I am sure that most readers are at least a little familiar with the terms "Unicode" and "UTF-8". But does everyone know what exactly is behind them? In essence, they refer to character encoding standards, also known as character sets. The concept appeared in the days of the optical telegraph, and not in the computer age, as one might think. Back in the 18th century, there was a need for fast transmission of information over long distances, for which the so-called telegraph codes were used. The information was encoded using optical, electronic and other means.



In the hundreds of years that have passed since the invention of the first telegraph code, there has been no real attempt at international standardization of such coding schemes. Even the early decades of the teletype and home computer era changed little. While EBCDIC (IBM's 8-bit character encoding, shown on a punched card in the header illustration) and ASCII improved things a bit, there was still no way to encode a growing collection of characters without significant memory usage.

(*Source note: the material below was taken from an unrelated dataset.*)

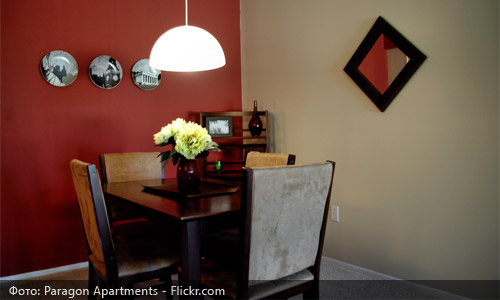 Hoe kleur onvolkomenheden in de kamer in te kleuren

The development of Unicode began in the late 1980s, when the growth in the exchange of digital information around the world made the need for a single coding system more urgent. These days, Unicode allows us to use a single encoding scheme for everything from basic English text to Traditional Chinese, Vietnamese, even Mayan, to the pictograms we used to call emojis.



From code to graphs



Back in the days of the Roman Empire, it was well known that the speedy transmission of information matters. For a long time, this meant the presence of messengers on horseback who carried messages over long distances, or their equivalent. How to improve the information delivery system was invented back in the 4th century BC - this is how a water telegraph and a system of signal lights appeared. But it wasn't until the 18th century that data transmission over long distances really became effective.



We have already written about the optical telegraph, also called "semaphore", in an article on the history of optical communication. It consisted of a number of relay stations, each of which was equipped with a turn signal system used to display telegraphic code symbols. The Chappe brothers' system, which was used by the French troops between 1795 and 1850, was based on a wooden bar with two movable ends (levers), each of which could move to one of seven positions. Together with the four positions for the crossbar, the semaphore in theory could indicate 196 characters (4x7x7). In practice, the number was reduced to 92-94 positions.

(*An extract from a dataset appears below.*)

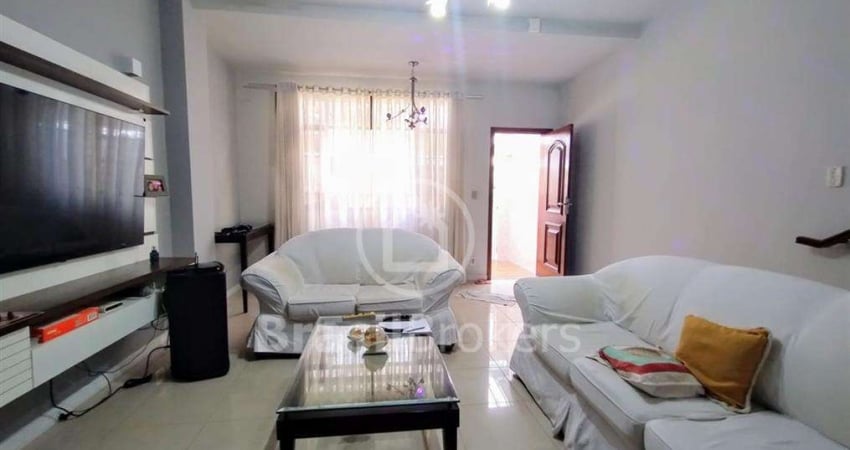 Casa de VIla é só entrar e morar no LIns de Vasconcelos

The Chappe brothers' French optical telegraph code, 1809



The semaphore system was used not so much to directly encode characters as to denote certain strings in a codebook. The method implied that it was possible to decipher the entire message using several code signals. This made the transmission faster and made it meaningless to intercept messages.



Performance improvement



Then the optical telegraph was replaced by an electrical one. This meant that the days when codings were captured by people watching the nearest relay tower were over. With two telegraph devices connected by a metal wire, electric current became the instrument for transmitting information. This change led to new electrical telegraph codes, and Morse code eventually became an international standard (with the exception of the United States, which continued to use American Morse code outside of radiotelegraphy) since its invention in Germany in 1848.



International Morse code has an advantage over its American counterpart: it uses more dashes than dots. This approach slows down the transmission speed but improves message reception at the other end of the line. This was necessary when long messages were transmitted over miles of wires by operators of different skill levels.



ITA 2 Standard



With the development of technology, the manual telegraph was replaced in the West by an automatic one. It used the 5-bit Baudot code, as well as the Murray code derived from it (the latter was based on the use of paper tape in which holes were punched). Murray's system made it possible to prepare a tape of messages in advance, and then load it into a reader for the message to be transmitted automatically. The Baudot code formed the basis for the International Telegraphic Alphabet Version 1 (ITA 1), and the modified Baudot-Murray code formed the basis for ITA 2, which was used until the 1960s.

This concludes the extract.